The White House is very much engaged in ensuring we have equity across the board,” she said.

Equal access to healthcare also is a priority for the College. Dr. Turner noted that Dr. Martin Luther King Jr. once said, “Of all the forms of inequality, injustice in healthcare is the most shocking and inhumane.”

Thus, she said, “It is fairly obvious that we should achieve equity, but how do we do that?” Dr. Turner noted that the College secured a grant from the National Institutes of Health to determine how the nation can address disparities in healthcare.

In addition, 2020−2021 ACS President J. Wayne Meredith, MD, FACS, formed a Regental Anti-Racism Task Force. This body offered recommendations on how the College can improve DEI in the surgical workforce and within the ACS, Dr. Turner noted. Subsequently, the Regents Committee on Anti-Racism was appointed to ensure the recommendations were implemented and woven into the fabric of the College’s work.

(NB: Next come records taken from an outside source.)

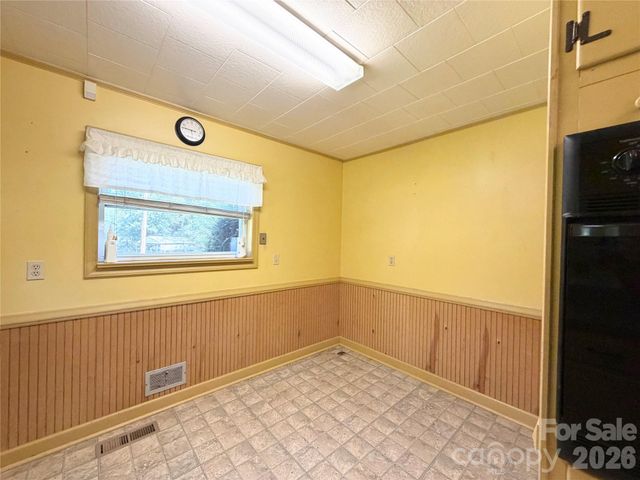 2985 Collettsville Road, Lenoir, NC 28645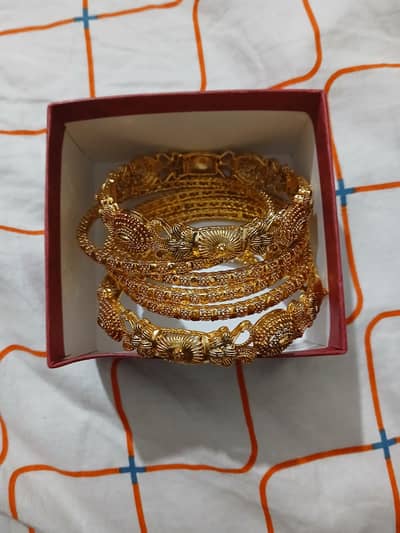 indian original artificial bangles and kharay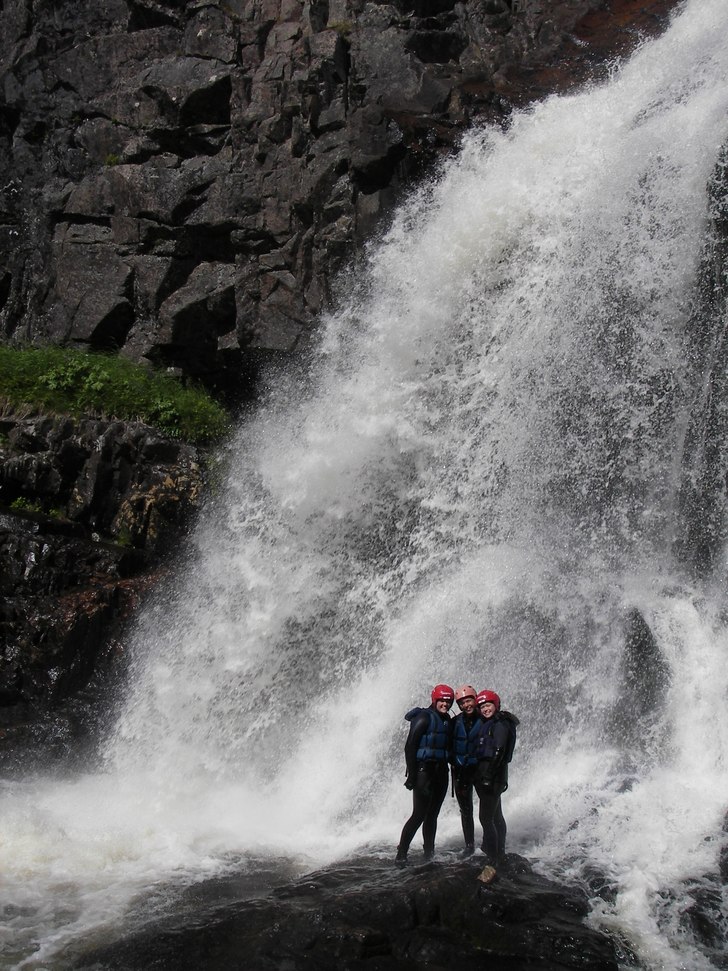 Foto: Dennis Franzen. Åkare: Karoline Persson, Amanda Ritterfeldt, Tone Staffansson.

For insights on how the College and other surgical societies could implement these recommendations, the ACS hosted a DEI and Anti-Racism Summit, established a new Pillar within the Board of Governors and other ACS committees to explore opportunities, and created the Office of DEI led by Dr. Mason and Cie Armstead, MPA, DBA.

Congressional “Asks”

Advocacy Summit participants engaged in more than 150 virtual visits with lawmakers and their senior staff April 5. ACS DAHP staff briefed attendees on key congressional “asks” to discuss in these briefings:

  • Immediately stabilize the Medicare payment system and hold hearings on long-term solutions to address ongoing issues with MACRA implementation and the Medicare physician fee schedule.
  • Urge CMS to use the flexibility provided in MACRA to test the specialty-developed APMs that the PTAC has approved. Additionally, CMS should use the authority that MACRA provided to adopt quality metrics that provide more meaningful data to inform care decisions and improvement efforts.
  • Cosponsor the Improving Seniors’ Timely Access to Care Act, which would facilitate electronic prior authorization, improve transparency, and increase CMS oversight of how Medicare Advantage plans apply prior authorization requirements.
  • Cosponsor the Ensuring Access to General Surgery Act, which would direct the Secretary of the Department of Health and Human Services (HHS) to study and define a general surgery workforce shortage area and collect data on the adequacy of access to surgical services, as well as grant the Secretary authority to designate general surgery shortage areas. Determining where patients lack access to surgical services and designating a formal surgical shortage area will provide HHS with a valuable new tool for increasing access to the full spectrum of high-quality healthcare services.
  • Ensure funding for ACS’s appropriations priorities in fiscal year 2023 by supporting increased dollars for cancer research and public health research on firearm morbidity and mortality. Additionally, the ACS seeks full funding for the grant program established by the MISSION ZERO Act and urges Congress to remove legislative language that prohibits the federal government from spending money to study or adopt solutions aimed at improving patient identification across the continuum of care.
  • Celebrate the centennials of the CoC and COT by cosponsoring S.R. 566/H.R. 997 and S.R. 532/H.R. 951, respectively.

The next Leadership & Advocacy Summit will take place April 15−18, 2023, in Washington, DC.